Evaluating Diagnostic Accuracy and Cost Implications in MASLD Fibrosis Staging
- Apr 28, 2025
- 2 min read
As noninvasive tests (NITs) continue to replace liver biopsy in MASLD clinical practice and trials, the performance characteristics of different modalities remain under active evaluation. A recent analysis compared Magnetic Resonance Elastography (MRE) and Vibration-Controlled Transient Elastography (VCTE) in identifying F2–F3 fibrosis—patients who may be eligible for pharmacologic intervention.
Study Overview: MRE vs VCTE
In a cohort of 103 MASLD patients:
MRE identified 18 patients with F2–F3 fibrosis.
VCTE identified 33 patients as F2–F3.
While VCTE identified more patients as treatment-eligible, further inspection revealed that 15 of the 33 VCTE-classified F2–F3 cases were not supported by MRE or by expected disease prevalence.
This suggests a false-positive rate of approximately 45% for VCTE in this cohort—consistent with prior literature showing VCTE’s tendency to overstage fibrosis, particularly in patients with elevated BMI or hepatic inflammation.
Projecting to Larger Populations
Assuming these findings generalize, what would this look like in a screening cohort of 1,000 patients?
MRE | VCTE | |
Patients flagged F2–F3 | 175 | 320 |
Estimated true positives | 175 | 175 |
Estimated false positives | ~0 | ~145 |
Annual treatment cost at $47,400 | $8.3M | $15.2M |
The difference in total cost—$6.9 million annually—is attributable to false-positive patients receiving treatment under the VCTE pathway.
Technical Considerations
VCTE is known to have technical failure rates as high as 15–20% in patients with obesity.
Many trials and clinics require 2–3 VCTE scans per patient to ensure an interpretable result.
MRE, by contrast, has a technical success rate >98%, and evaluates the liver in its entirety.
Importantly, MRE’s repeatability coefficient (~10%) allows for greater confidence in monitoring change over time, compared to repeatability coefficients of 50–70% reported for VCTE in some populations.

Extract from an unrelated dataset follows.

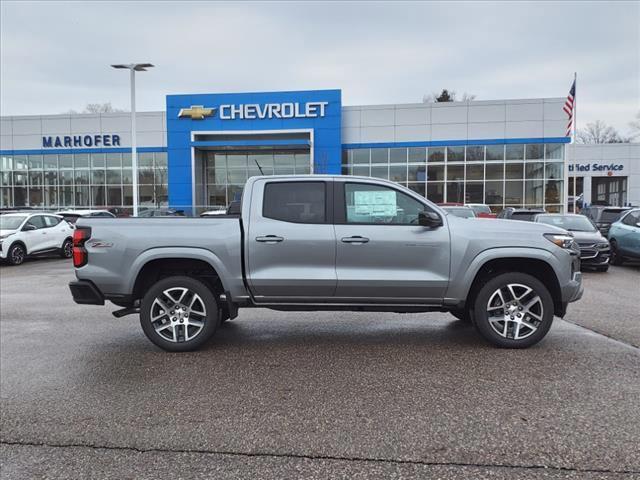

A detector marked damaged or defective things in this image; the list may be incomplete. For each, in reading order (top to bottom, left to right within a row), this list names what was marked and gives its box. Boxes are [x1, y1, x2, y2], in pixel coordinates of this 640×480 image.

pavement crack [2, 440, 636, 474]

Implications for Clinical Trials and Payer Strategy
From a clinical trial perspective, over-inclusion due to VCTE overstaging may dilute treatment effects and increase sample size requirements.
From a payer standpoint, initiating expensive therapies in false-positive patients has direct cost implications, particularly when NITs are used as gatekeeping tools for drug eligibility.
Conclusion
As noninvasive fibrosis staging tools are increasingly relied upon in MASLD, test specificity and reproducibility become critical—not only for individual patient care, but for trial design, payer policy, and system-level efficiency.
More studies will be needed to validate optimal cutoff strategies across populations, but these findings highlight the importance of understanding not just who gets flagged—but whether those patients actually have the disease in question.